(Image-text web data)
====

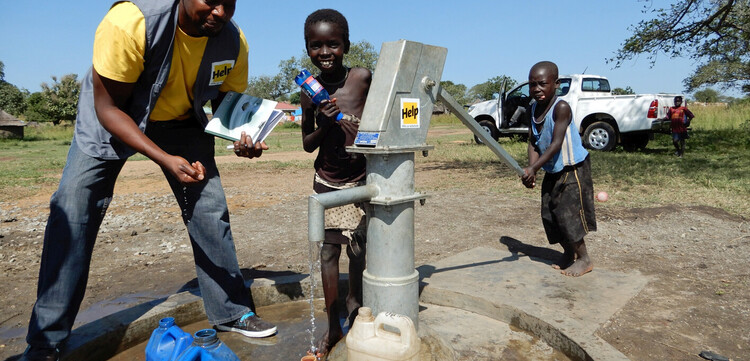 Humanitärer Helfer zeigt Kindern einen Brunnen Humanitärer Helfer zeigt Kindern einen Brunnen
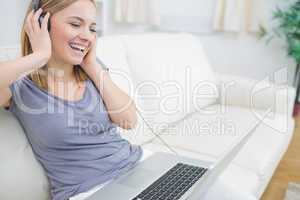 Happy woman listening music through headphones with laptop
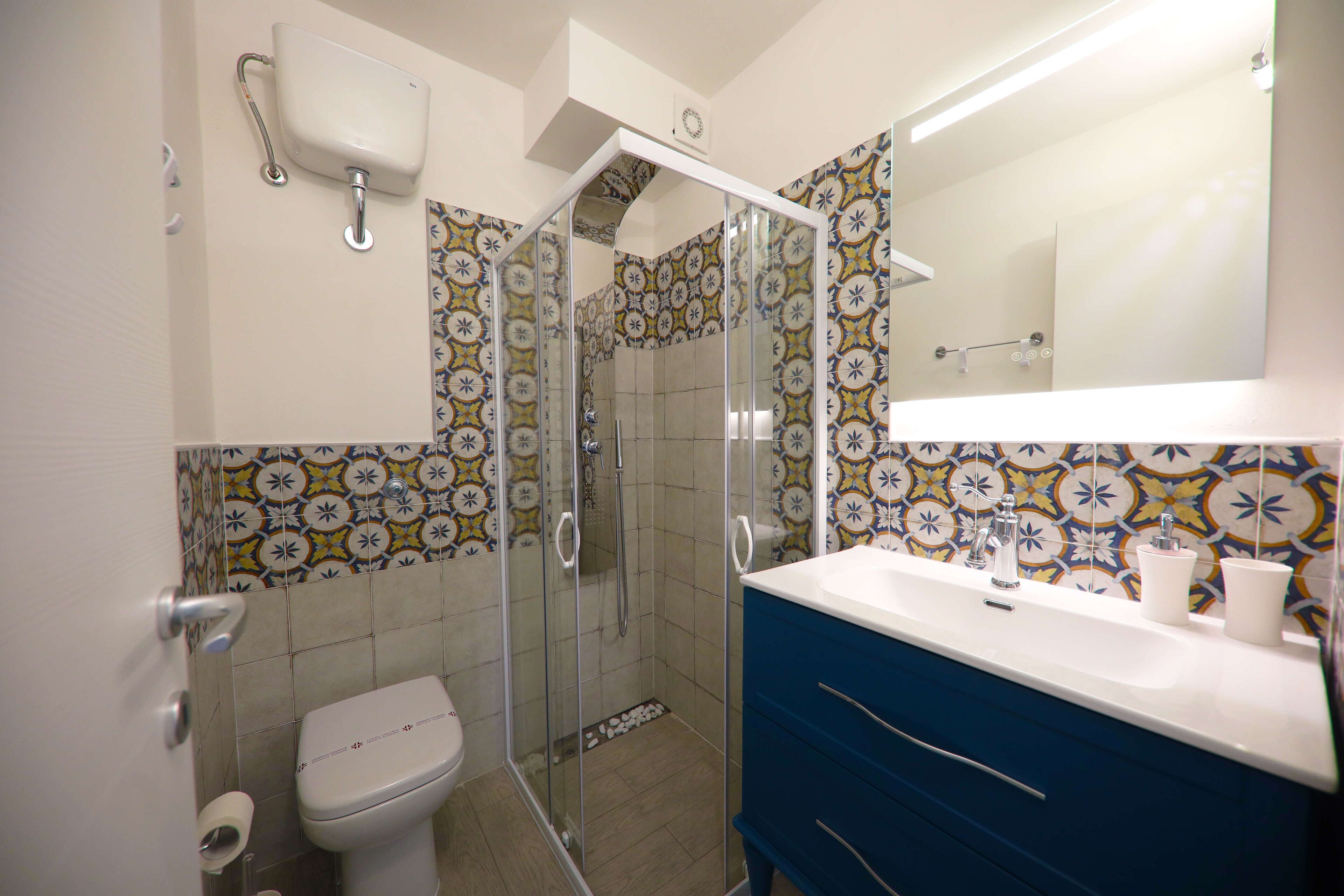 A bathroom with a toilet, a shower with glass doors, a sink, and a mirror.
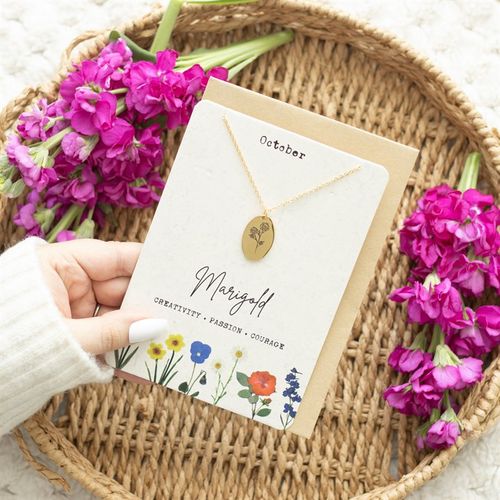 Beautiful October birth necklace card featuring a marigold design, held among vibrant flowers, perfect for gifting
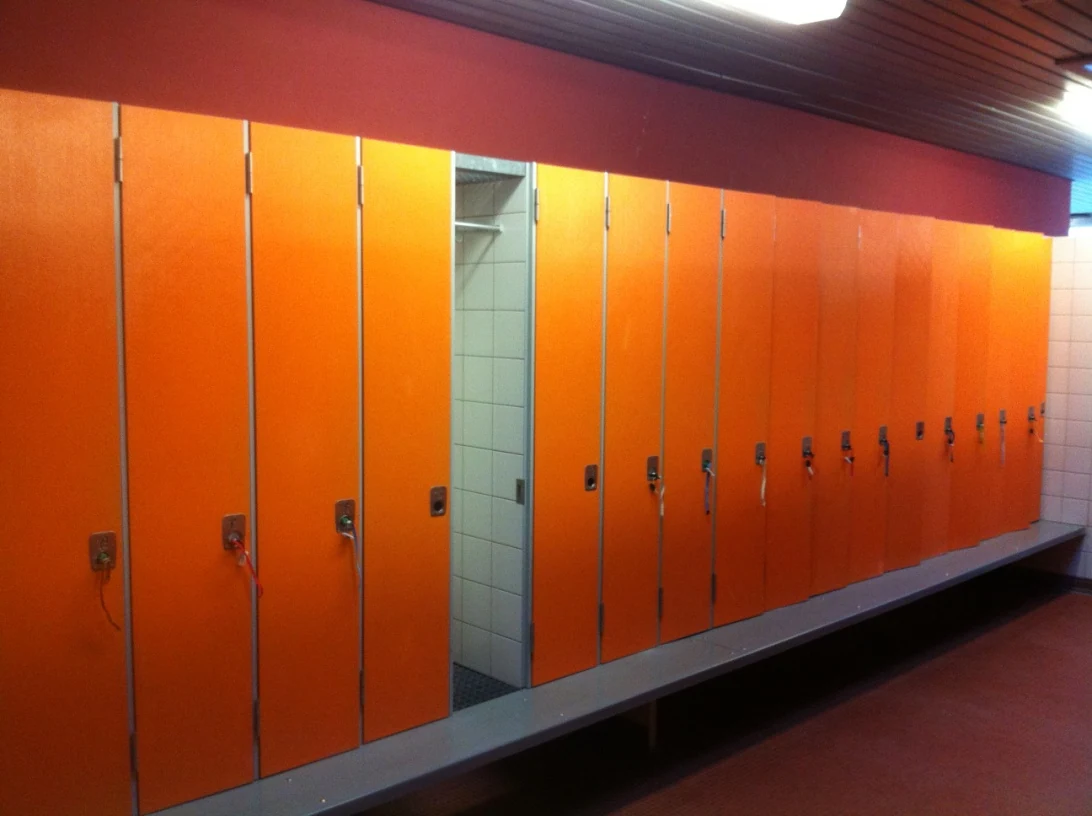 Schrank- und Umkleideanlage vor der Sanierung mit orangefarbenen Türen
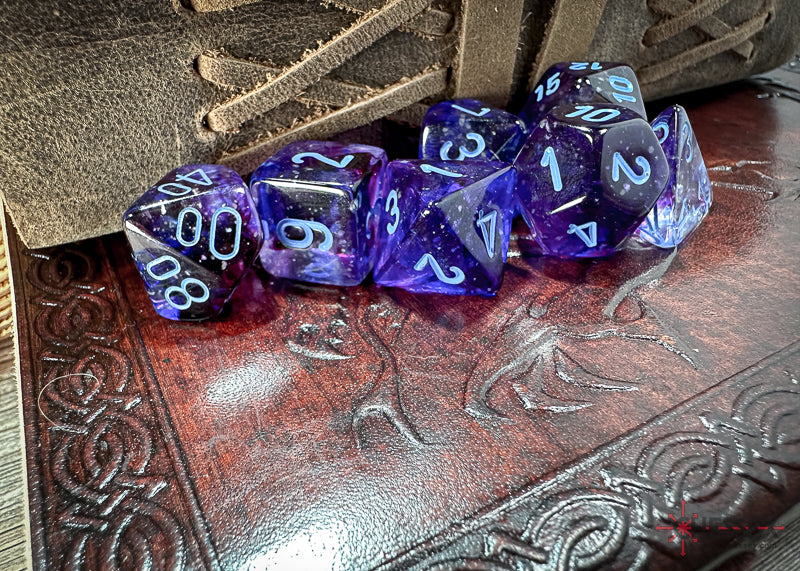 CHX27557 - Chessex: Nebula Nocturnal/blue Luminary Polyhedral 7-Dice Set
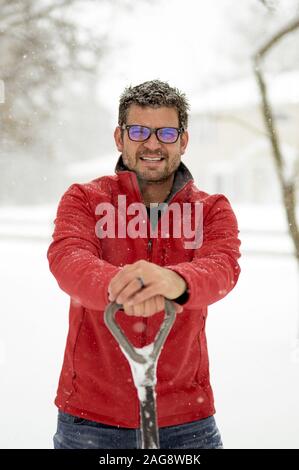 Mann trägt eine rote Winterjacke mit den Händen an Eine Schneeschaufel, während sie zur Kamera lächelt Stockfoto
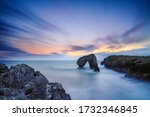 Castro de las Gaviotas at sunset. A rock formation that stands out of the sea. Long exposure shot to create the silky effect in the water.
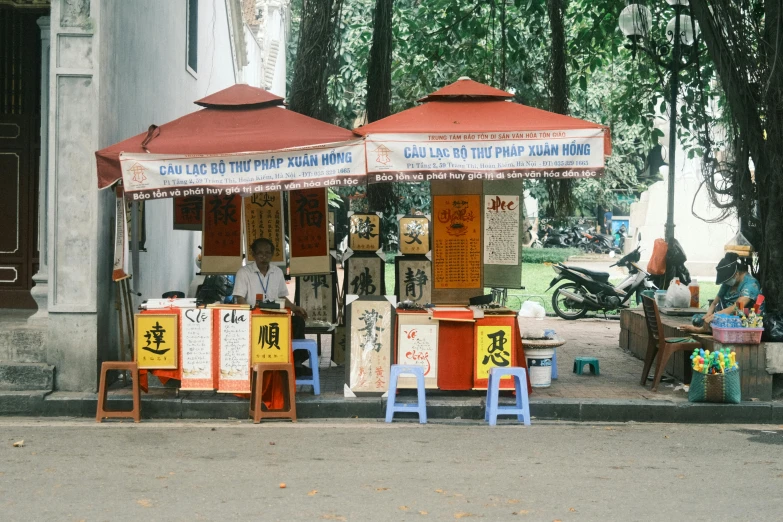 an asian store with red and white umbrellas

====

### Work request:
Copy the records above exactly, leaving out every picture.

### Your solution:
 Humanitärer Helfer zeigt Kindern einen Brunnen Humanitärer Helfer zeigt Kindern einen Brunnen
 Happy woman listening music through headphones with laptop
 A bathroom with a toilet, a shower with glass doors, a sink, and a mirror.
 Beautiful October birth necklace card featuring a marigold design, held among vibrant flowers, perfect for gifting
 Schrank- und Umkleideanlage vor der Sanierung mit orangefarbenen Türen
 CHX27557 - Chessex: Nebula Nocturnal/blue Luminary Polyhedral 7-Dice Set
 Mann trägt eine rote Winterjacke mit den Händen an Eine Schneeschaufel, während sie zur Kamera lächelt Stockfoto
 Castro de las Gaviotas at sunset. A rock formation that stands out of the sea. Long exposure shot to create the silky effect in the water.
 an asian store with red and white umbrellas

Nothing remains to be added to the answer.